Posso insegnarti intorno al sesso,
ma non posso mantenerti puro.
Posso parlarti dell'alcool,
ma non posso dire 'NO' al posto tuo.
Posso avvertirti del pericolo delle droghe,
ma non posso evitare che tu ne faccia uso.
Posso avvertirti del pericolo del peccato,
ma non posso renderti morale.
Posso pregare per te,
ma non posso far sì che tu cammini con Dio.
Posso insegnarti di Gesù,
ma non posso farne il tuo Salvatore.
Posso insegnarti la strada della vita,
ma non posso indurti a camminare per essa.
Posso dirti come si vive,
ma non posso vivere al posto tuo.
Esistono Famiglie distaccate,
dove non circola il calore dell’affetto,
dove sono le norme a regolare ritmi e bisogni di ciascuno.
Famiglie normali ma vuote di emozioni e sentimenti.
In quelle Famiglie si cresce a cuore freddo!
Esistono Famiglie invischianti,
dove nessuno riesce a raggiungere la propria autonomia,
ogni realizzazione è negata;
ognuno si appoggia all’altro senza ,però ,ricevere un vero sostegno.
Si resta insieme per paura.
In quelle Famiglie si cresce senza crescere.
Esistono Famiglie di dolore, dove i genitori ammalano l’infanzia dei propri
figli per sopportare il peso della propria solitudine;
in quelle Famiglie, a volte, si impazzisce.
Esistono, invece, Famiglie, dove nessuno ha il potere assoluto
ma ciascun sa di avere il “suo” potere, il suo spazio, il suo ruolo ,
consapevole col cuore di amare gli altri e di essere, da loro,amato.
In quelle Famiglie si cresce a cuore caldo,
in quelle Famiglie si può crescere!
.......Anonimo
Dite:
è faticoso frequentare i bambini.

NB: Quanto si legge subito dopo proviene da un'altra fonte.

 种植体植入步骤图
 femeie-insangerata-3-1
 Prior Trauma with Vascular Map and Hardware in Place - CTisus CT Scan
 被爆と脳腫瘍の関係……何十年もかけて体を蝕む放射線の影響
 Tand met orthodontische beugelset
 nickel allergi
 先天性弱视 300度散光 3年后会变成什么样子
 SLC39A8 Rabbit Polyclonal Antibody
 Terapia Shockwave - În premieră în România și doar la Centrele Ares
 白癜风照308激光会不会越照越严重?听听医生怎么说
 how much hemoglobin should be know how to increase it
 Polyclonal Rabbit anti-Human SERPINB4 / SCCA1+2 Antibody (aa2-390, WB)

Avete ragione.
Poi aggiungete:
perché bisogna mettersi al loro livello, abbassarsi, inclinarsi, curvarsi, farsi piccoli.
Ora avete torto.
Non è questo che più stanca.
E’ piuttosto il fatto di essere obbligati a innalzarsi fino all’altezza dei loro sentimenti.
Tirarsi, allungarsi, alzarsi sulla punta dei piedi.
Per non ferirli.
Janusz Korczak
E una donna che reggeva un bambino al seno disse:
Parlaci dei Figli.
E lui disse:
I vostri figli non sono figli vostri.
Sono figli e figlie della sete che la vita ha di sé stessa.

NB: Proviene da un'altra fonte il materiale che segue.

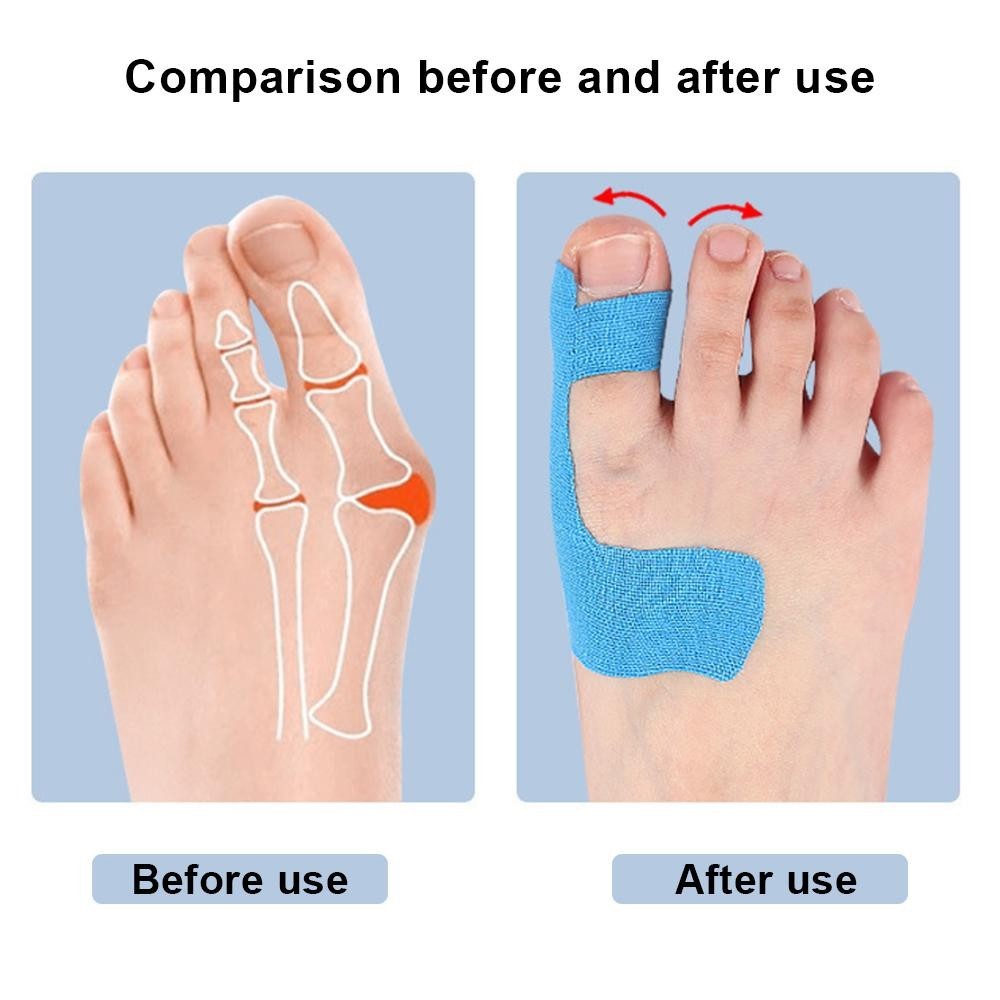 10PCS Bunion Corrector Kinesiology Tape Pain Relief Big Toe Spacer Support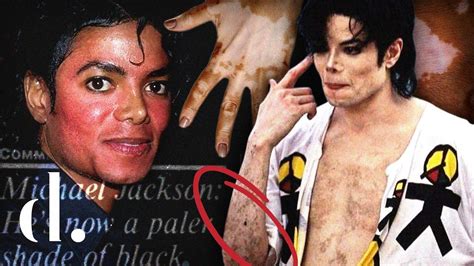 what diseases did michael jackson have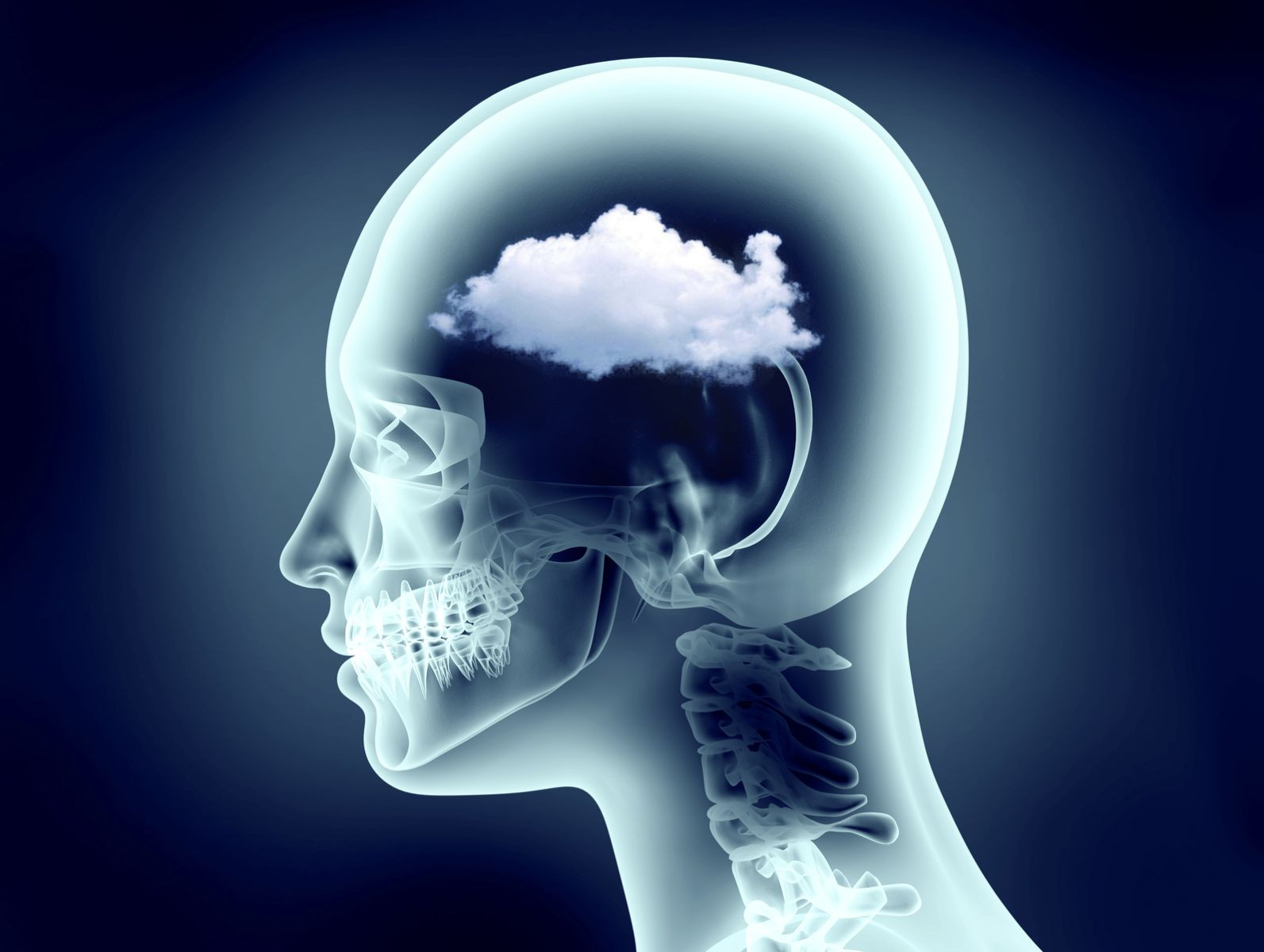 What is Brain Fog?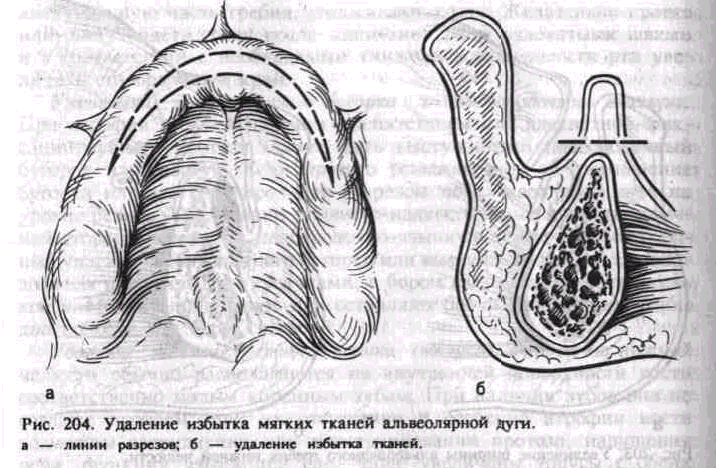 У кита альвеолярные легкие. Перелом альвеолярного отростка верхней челюсти. Альвеолярный гребень альвеолярного отростка. Слизистая оболочка альвеолярного отростка. Что такое альвеолярная дуга и отросток.
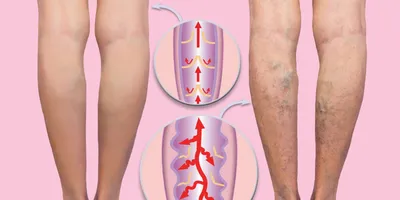 Варикоз - что это, симптомы заболевания, типы, диагностика и лечение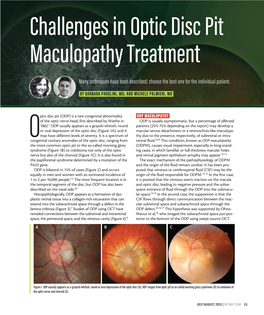 Challenges in Optic Disc Pit Maculopathy Treatment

Essi vengono attraverso di voi, ma non da voi,
E benché vivano con voi non vi appartengono.
Potete donare loro amore ma non i vostri pensieri:
Essi hanno i loro pensieri.
Potete offrire rifugio ai loro corpi ma non alle loro anime:
Esse abitano la casa del domani,
che non vi sarà concesso visitare neppure in sogno.
Potete tentare di essere simili a loro, ma non farvi simili a voi:
La vita procede e non s'attarda sul passato.
Voi site gli archi da cui i figli, come frecce vive,
sono scoccate in avanti.
L'Arciere vede il bersaglio sul sentiero dell'infinito,
e vi tende con forza affinché le sue frecce vadano rapide e lontane.
Affidatevi con gioia alla mano dell'Arciere;
Poiché come ama il volo della freccia così ama la fermezza dell'arco.